Retype the entries, please, from their first line to the line containing "Physics has 4", exactly and only those lines, minus the pictures.

Collected data
┏━━

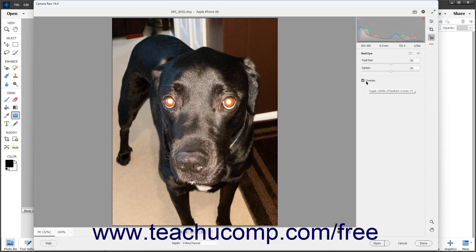Then click and drag over the red eye to correct in the image. The correction occurs automatically using the settings you specified.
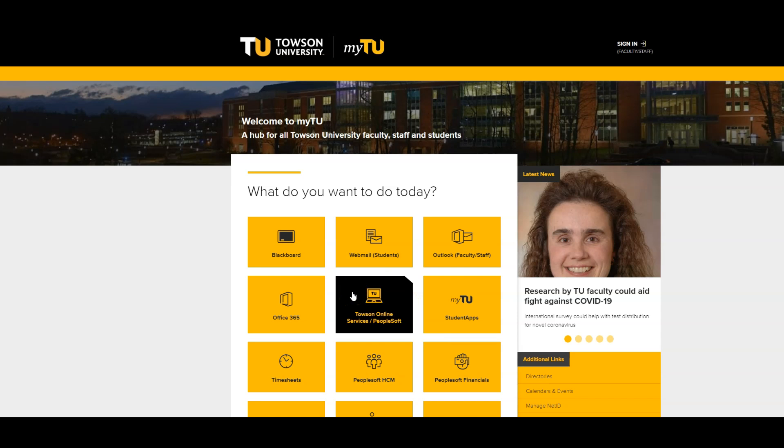From here, you will be asked to log in using your Towson NetID. This is the same login information used to access your student email and a variety of Towson University Online Services.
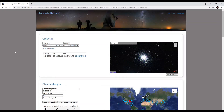Hey everybody, Chad from Patriot Astro here. I'm going to start a new series of short but helpful topics, anything related to astrophotography or astronomy. For the first one, I want to cover a website I don't see many people talking about.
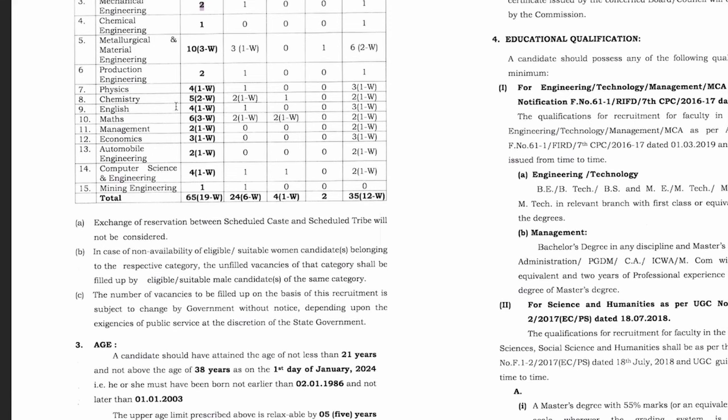Physics has 4 vacancies, chemistry is 5, English is 4, math is 6, management is 2, economics is 3, automobile engineering is 2, computer science and engineering is 4, and mining engineering is 1. The total is 65 vacancies.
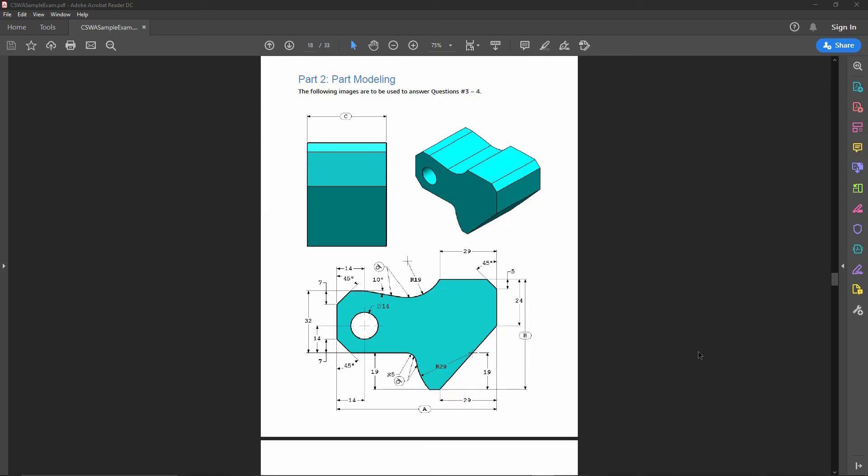We will be starting the next section on part two, which covers the part modeling section. So see you there.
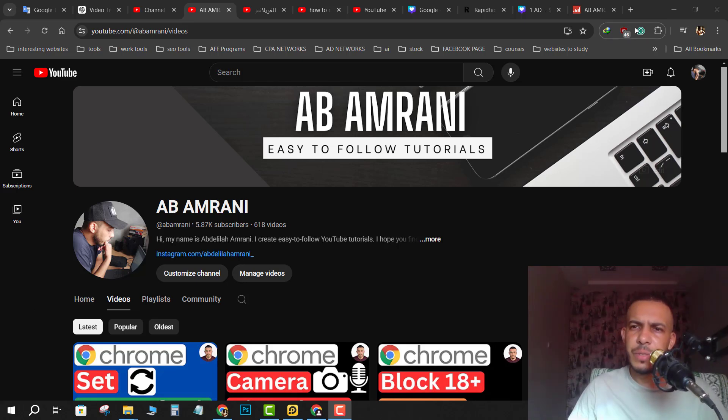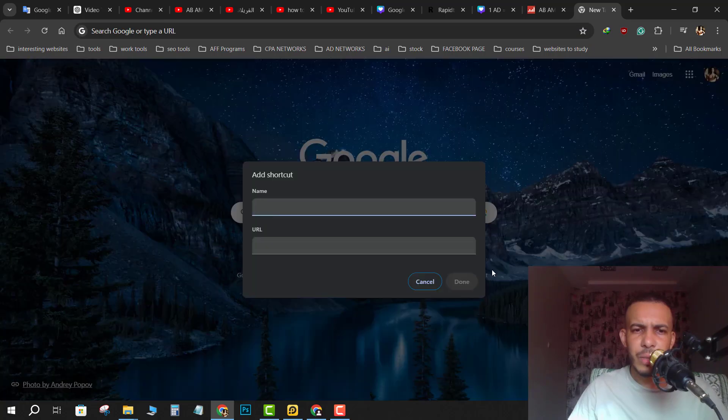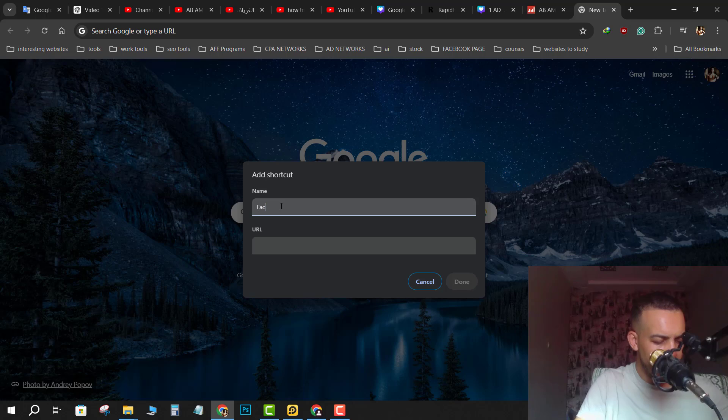Open your Chrome browser, then add a new tab. As you can see here we have 'add shortcut,' so click on it. Here on name, type 'Facebook.'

┗━━

> **TASK ANSWER**
Then click and drag over the red eye to correct in the image. The correction occurs automatically using the settings you specified.
From here, you will be asked to log in using your Towson NetID. This is the same login information used to access your student email and a variety of Towson University Online Services.
Hey everybody, Chad from Patriot Astro here. I'm going to start a new series of short but helpful topics, anything related to astrophotography or astronomy. For the first one, I want to cover a website I don't see many people talking about.
Physics has 4 vacancies, chemistry is 5, English is 4, math is 6, management is 2, economics is 3, automobile engineering is 2, computer science and engineering is 4, and mining engineering is 1. The total is 65 vacancies.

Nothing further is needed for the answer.